4. Beef up your score
There’s plenty you can do to quickly raise a low credit score. (See “10 Ways to Raise Your Credit Score Fast.”)
Making an effort to raise your score matters, especially if your score is near the top or bottom of a credit score range.
For example, with a score of 745, you’re near the top of the 700-759 range. With effort, you might gain enough points to move into the highest category, 760-850, giving you access to lower interest rates.
Or suppose your score is 766. Credit scores bounce around all the time; you don’t want yours dropping below 760, which puts you in the less desirable 700-759 category. Try to boost your score at least into the safe middle of the 760-850 range.
“Building a Better Credit Report” from the Federal Trade Commission can help.
5. First the mortgage, then the house
You’re probably itching to start shopping for a home. That’s fun, but keep your head on straight. Shop for the mortgage first. Looking for a home often gets emotions and fantasies all fired up, tempting shoppers to spend more than they can afford.
Don’t let emotions hijack your home purchase, causing you to overpay or stretch beyond your means. In this article, Stacy Johnson explain how to tell how much house you can afford.
Window shopping? Fine. But stay sober. Mortgage shopping first lets you know what you can afford, including all the other big expenses of homeownership — taxes, insurance, homeowner fees, bank fees, repairs, appliances, maintenance and improvements.
6. Get preapproved (not pre-qualified)
Here’s the difference, as the National Association of Realtors explains it:
Pre-qualifying is just a quick credit check based on the information an individual provides. A preapproval, however, means a mortgage professional has checked the employment history, verified funds, studied an individual’s credit record and so forth. Getting preapproved rather than pre-qualified saves a lot of heartache.
By preapproving your loan, the bank commits to lending you up to a specific amount. That can impress sellers. And it helps when you’re competing with other buyers for a home.
The bad news: Fewer banks are preapproving mortgages lately. But that doesn’t mean you shouldn’t try and shop around.
7. Now shop
Now that you know what you can afford to pay for a home, you can finally start shopping. Here are sources for guidance on shopping:
- Our “7 Things Every Homebuyer Should Know.”
- CNN Money’s 10 tips for homebuyers.
- About.com’s homebuying guide.
8. Hold off applying for credit
Applying for new credit is a tricky thing. It can help improve your credit score – in the long term.
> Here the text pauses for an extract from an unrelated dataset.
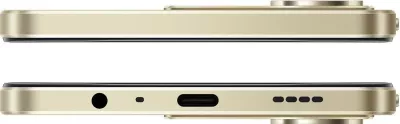 Celular Realme Note 70T 4GB/256GB gold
But if you open a new credit card or take out another loan too near the time of your mortgage application, your credit score could dip and affect your interest rate.
However, applying for mortgages won’t have much impact. MyFICO says:
Looking for new credit can equate with higher risk, but most credit scores are not affected by multiple inquiries from auto, mortgage or student loan lenders within a short period of time. Typically, these are treated as a single inquiry and will have little impact on the credit score.
Also, obtaining your own credit score or reports won’t hurt, says personal finance expert Liz Weston:
A credit check could hurt you if you asked a friend at a bank or car dealership to pull your credit reports. Such transactions probably would be coded as “hard” inquiries, or as applications for credit, which could ding your scores.
But checking your own credit is otherwise a non-event.
9. Wait to make big purchases
Buying furniture, appliances, a car or any substantial purchase outside your regular monthly expenses could kill your mortgage loan. Before your loan closes, a lender makes a final credit check. New debts could change your eligibility. Says The New York Times:
“We tell our clients about this upfront, and keep reminding them through the entire process not to go buy a new bed or a refrigerator,” said Michael Daversa, the president and founder of Atlantic Residential Mortgage, which is based in Westport, Conn. “What you’re supposed to do is keep everything status quo.”